Sözlerine devam etmeden önce alnında altın taç bulunan prensin yüzünde gezdirdi gözlerini, kral olan. Onlardan toprakları kolaylıkla alamayacağını biliyordu ama yine de ikna edebilmek için öneride bulundu. "Merak etmeyin size yüksek ölçüde altın vereceğim." Sözlerini söyler söylemez diğer krallığın prensi, hızlıca onu hedef alan sözlerine başlamıştı.

"Sizin altınlarınıza filan ihtiyacımız yok."

Genç prens, sözlerini söylerken bir yandan da ayağa kalkmış, masaya ellerini dayayarak, kendisini öldürecekmiş gibi bakan krala doğru üst vücudunu yaklaştırmaya başlamıştı. Sarayın hanedan üyeleri de pür dikkatle onu izliyordu.
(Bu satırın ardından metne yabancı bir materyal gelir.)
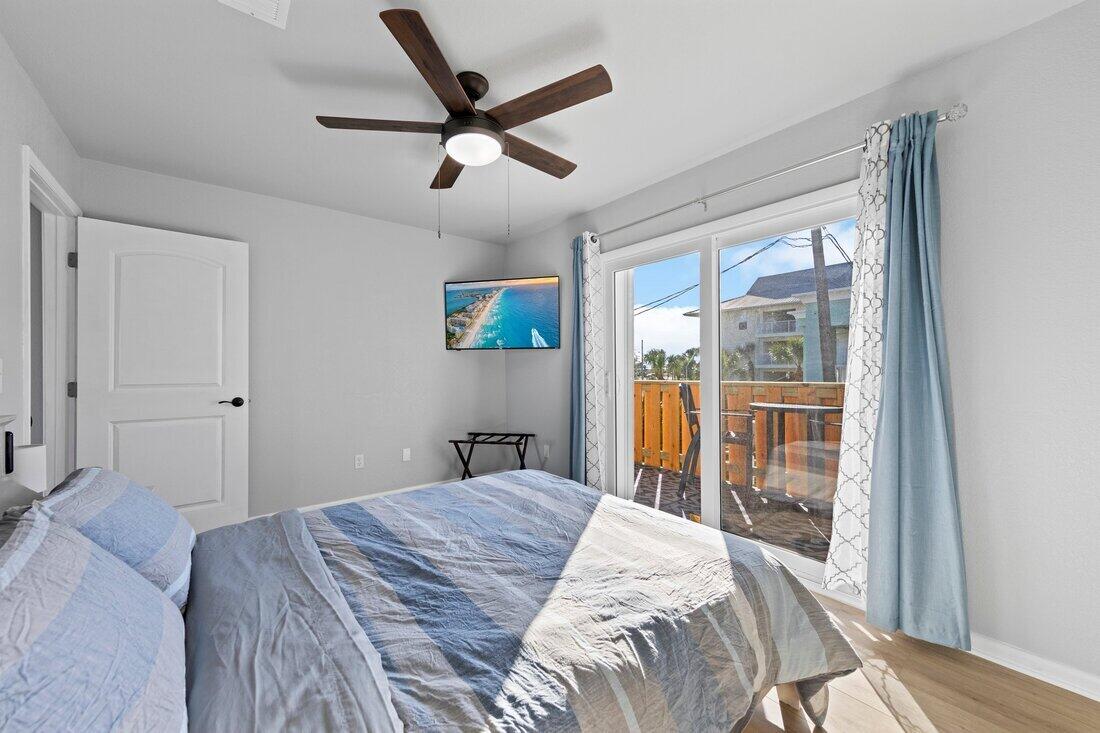 WHISPERING SANDS TOWNHOUSES - Residential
Prens Felix, böyle yapıda birisi değildi. Bu kadar sinirlenmesine şaşırmışlardı.

"Siz gücünüze güç katacaksınız diye, biz topraklarımızdan vazgeçecek değiliz."

Söylediği sözlerden sonra karşısındaki kralın suratı öyle bir ifade ile kaplanmıştı ki, o zaman anlamıştı genç prens, neden bu adama dönemin en korkunç kralı dendiğini.

"Ya topraklarınızı sizinle güzelce konuşurken bana verirsiniz.." Ses tonunu az önceki konuşmasına göre daha da kalınlaştırarak devam etmişti sözlerine, kral.

"Ya da ülkenizin her bölgesini kan gölüne çevirmekten kendimi alıkoymam."

Kendisine kafa tutan güzel çocuğun gözlerinin tam içine bakarak söylemişti, kral. Artık sinirlendiğini hissediyordu. Karşısındaki çocuk onunla nasıl böyle saygısızca konuşabiliyordu?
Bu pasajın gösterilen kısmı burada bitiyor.